Edit: Balloon Fight works, a bit slower but I can optimise later.
Code: Select all
MoveAllSpritesOffscreen: ldy #$00 ;this routine moves all sprites off the screen .db $2c ;BIT instruction opcode MoveSpritesOffscreen: ldy #$04 ;this routine moves all but sprite 0 lda #$f8 ;off the screen
But when I disassemble the shit, my program gets confused when it finds a jump to the MoveSpritesOffscreen label becaus it is like jumping in the middle of an instruction.
I should use an alternative path to handle it. However because I patch the ROM, it is not critical.
I will assume that every label after this bit instruction is not an indirect jump or an access to an IO port. And just write a warning on the console.

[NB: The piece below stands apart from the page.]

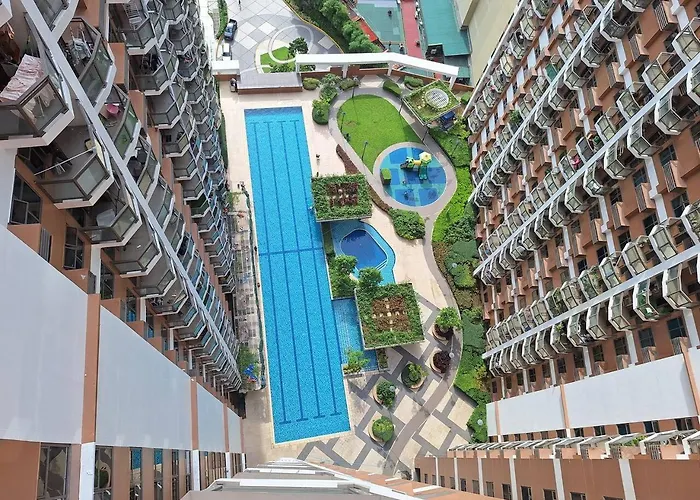 Big 1br Balcony -60sqm-pet -parking -moa,picc,ccp,wtc Manila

I'm still an idiot when it comes to makefiles, but I gave it a shot, and this is the error I get:
Code: Select all
mingw32-make: *** No rule to make target 'init.asm', needed by 'init.o'. Stop.
If you happen to have Windows 10, I've found Bash on Windows to work quite well in general.
I use Msys2. And it is scripted a lot, the makefile is called by convert.sh and the file names are passed through the environment. The makefile takes $(ROM_NAME) as parameter.
The script makes a copy of asm file from ../asm/, then calls make and finally deletes the asm files. This is why the call to make directly does not find init.asm.
Convert.sh from the source/workdir/ directory should do all the work. You should find a 'romname'.fig in the directory. There is no need to call make after convert.sh. It is simpler like this, because otherwise I was sometimes editing the wrong files and compiling a mess from different roms (like running Balloon Fight with the CHR data of SMB1).
I am glad you follow the project Memblers, because I must add your APU emulator to it.
Now I must find a solution to update the nametable data quickly enough. I use a 4KB ram buffer to store the nametable data and I make a copy of it using DMA during VBlank. This is slow, I would prefer to update it when the IO port is accessed on the nes but it does not seem to work other than during Vblank on the snes. Plus, the ram method is clean. But I must find a way to update only what changed (even donkey kong is slow). Maybe with a 8bit bitmask per line x 30 lines x 2 Banks, 60Bytes of bitmask. And take profit of the DMA.